There was an element of good news in that the input price index has fallen from
72.6 to 51.3 over the last two months and that suggests that producer price
inflation is peaking, and that policy tightening might be stopped, but the reality is
that the new orders are the forward-looking component, and they are the bit that
will concern us most.
The third and final area that I wanted to highlight was US jobs growth and the
related area of consumer confidence. We keep referring back to the US because
it matters. The US consumer accounts for 13% of total global consumption. We
also keep returning to the US because the data there is useful for heralding trends
that may develop in other parts of the world. So it’s quite worrying that the US
economy shed jobs in June for the first time this year. The unemployment rate
remained high and clearly this is adding to concerns that the pace of recovery
could slow in the second half. Specifically, in June, non-farm payrolls, as they’re
called, fell by 125,000 in the month, as 225,000 government workers that were
hired for the 2010 census lost their temporary jobs. Excluding government
workers, private sector hiring rose by 83,000, which was a disappointingly soft
kind of number. Construction hiring was particularly weak, while manufacturing
only posted a modest gain, just 9,000 jobs.
Related to that is the confidence - consumer confidence - because, no surprise,
if you are worried about your job or if you haven’t got a job you’re not out there
spending, and if you’re worried about your house price, equally, you’re not out
spending. So the consumer confidence index in the States dropped back in
June to 52.9 from 62.7. And look at the detail: those who found jobs hard to
get rose to 44.8% from 43.9%, perhaps not a material move but quite indicative,
and those saying jobs were plentiful came through at just 4.3%. As I say, given
the importance of consumer-related spending for the overall economy, the data
suggests that after a solid rebound earlier this year, the momentum in private
demand is likely to moderate in the second half of this year.
Now, these three subjects are not meant to be a definitive statement on what one
should be worrying about, but they will hopefully serve as a reminder to anyone
listening that the problems of debt accumulation have yet to be fully addressed.
As I said earlier, Mark remains solidly convinced that the markets have further
to fall. Will the UK revisit the lows of last March? Well, as I said earlier, it seems
unlikely to those who point to evidence of value but the worry factor remains
firmly in place. Our view, for what it is worth, is that talk of a fresh slump in global
growth - so called double dip - cannot be easily dismissed and I am sure that this
will be a subject that we return to in future calls.
That concludes the formal part of this particular conference call, the 12th in the
series, and we invite any questions that listeners may have.

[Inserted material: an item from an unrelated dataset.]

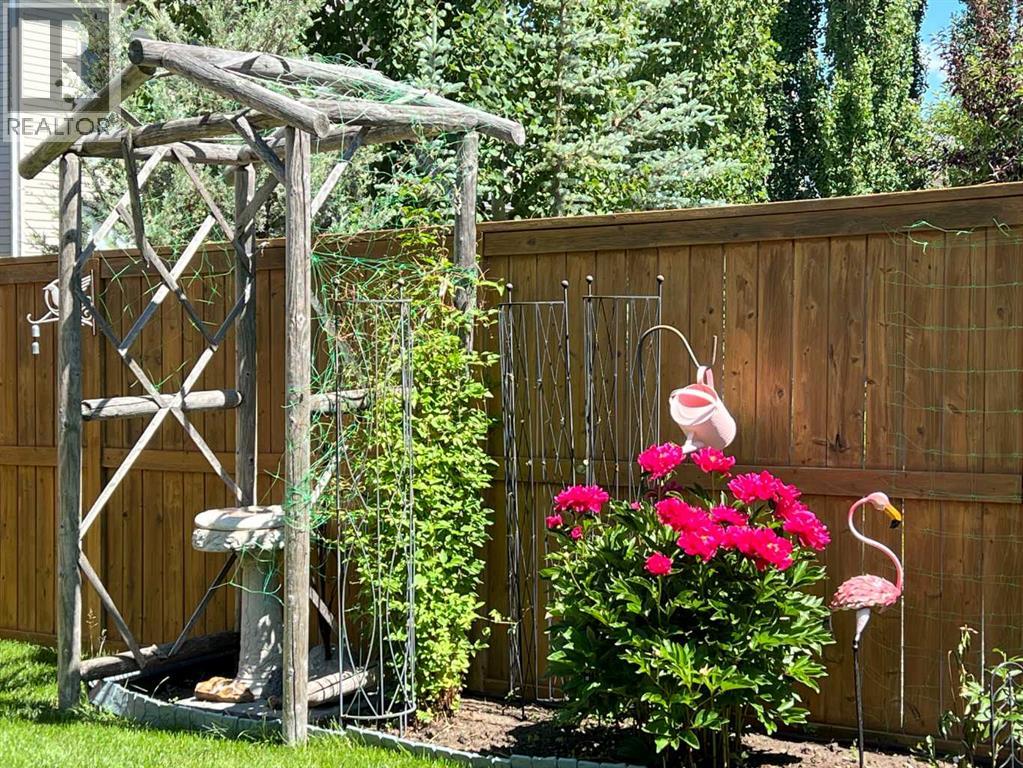 10 Cougar Ridge Bay Sw, Calgary, Alberta  T3H 4X6 - Photo 38 - A2288492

MARK HOLDEN   Great. Well, thank you very much everyone for calling in. It’s nice to get past our
              first anniversary of these conference calls. For those of you who may have missed
              some of today’s call, or if you want to listen to it again, then a transcript of it will be
              put on our web site as soon as possible, and the next conference call will be at 12
              noon on Thursday, 12 August. Thank you very much for joining us.

OPERATOR      I apologise, sir, there is actually one question just came through now just as you
              were on your closing comments. Would you like to take that?

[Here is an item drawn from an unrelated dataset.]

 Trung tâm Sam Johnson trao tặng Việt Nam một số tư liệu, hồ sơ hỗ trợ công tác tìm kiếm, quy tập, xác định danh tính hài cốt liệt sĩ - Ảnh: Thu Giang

MARK HOLDEN   Yes, of course, no we’ll be happy to do that.

OPERATOR      That is from Felix of Ambrose Felby(?). Go ahead, your line is open.

FELIX         Good morning. I have two questions: one is gold and what do you perceive the
              position to be in the next three months or so because I believe there are some
              funds that are buying a lot of it still, yet it seems to be rather headline news for
              the general punters and there may be a small dip, as you say, because the risk
              appetite appeared to come back and it may be a summer lull.
              That was my first question. And if I could just go on to the second one, that’s
              index linked gilts, what your perception is of those?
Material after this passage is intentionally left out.